Setup variables¶

By default the variables to be optimized is setup with the following parameters:

initial value lower bound upper bound
1e-4 -0.01 0.01

However, subtle configuration could be achieved by using set_variables() method of DakotaOc class, here is how to do it:

Parameter could be created by using DakotaParam class, here is the code:

# set x correctors
hcors = oc_ins.get_all_cors(type='h')[0:40]
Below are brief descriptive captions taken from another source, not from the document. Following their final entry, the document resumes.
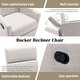 preview thumbnail 28 of 27, Modern Upholstered Rocker Nursery Chair Plush Seating Glider Swivel Recliner Chair,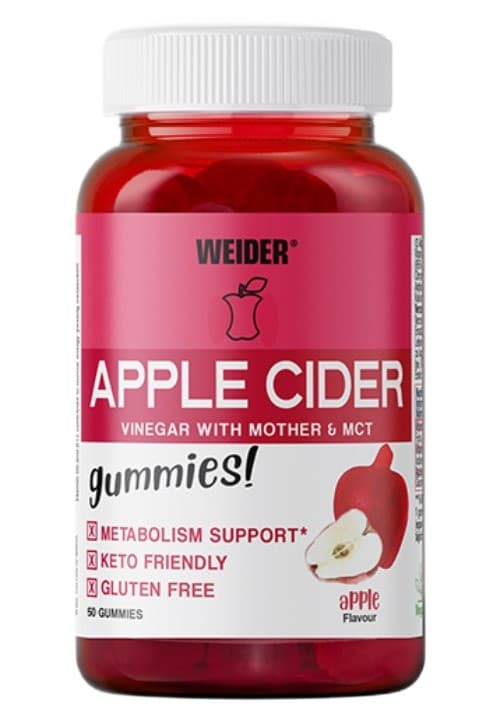 Weider - Apple Cider Vinegar Gummies 90 stk – Weider embalagem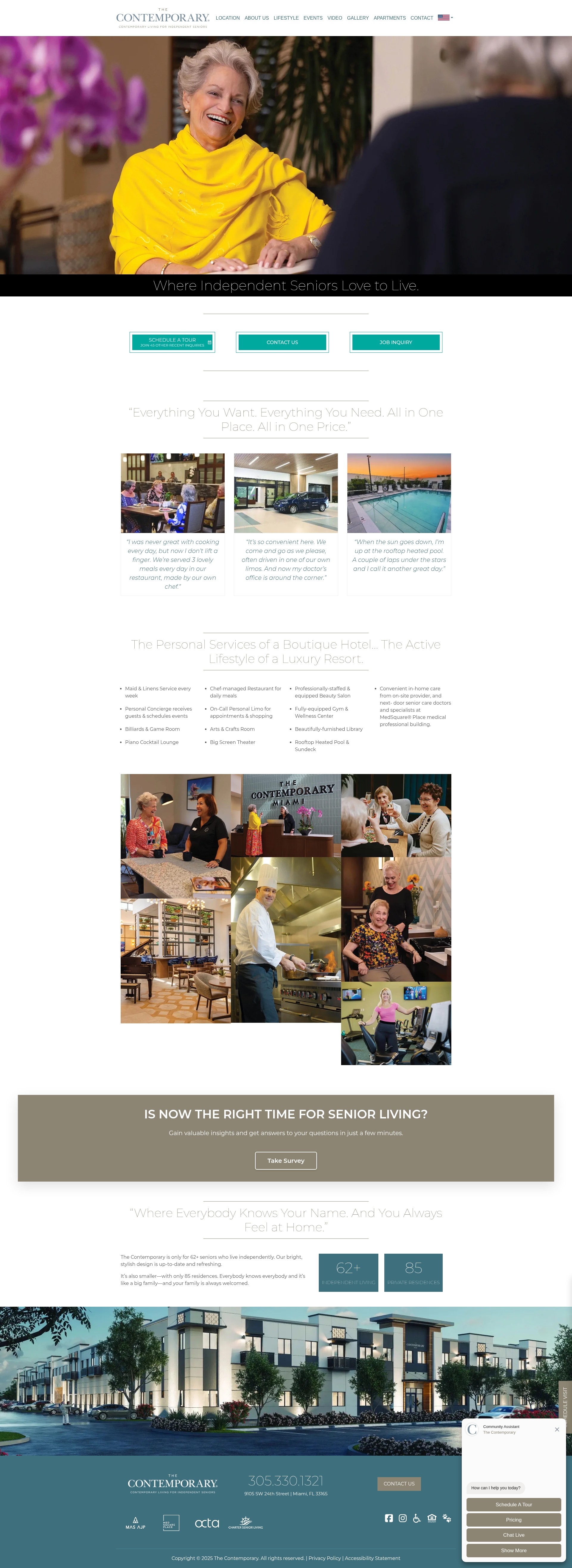 Screenshot of thecontemporarymiami.com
# set initial, lower, upper values for each variables
n_h = len(hcors)
xinit_vals = (np.random.random(size=n_h) - 0.5) * 1.0e-4
xlower_vals = np.ones(n_h) * (-0.01)
xupper_vals = np.ones(n_h) * 0.01
xlbls = ['X{0:03d}'.format(i) for i in range(1, n_h+1)]

# create parameters
plist_x = [genopt.DakotaParam(lbl, val_i, val_l, val_u) 
            for (lbl, val_i, val_l, val_u) in 
                zip(xlbls, xinit_vals, xlower_vals, xupper_vals)]

plist_y could be created in the same way, then issue set_variables() with set_variables(plist=plist_x+plist_y).

Note

The emphasized line is to setup the variable labels, it is recommended that all parameters’ label with the format like x001, x002, etc.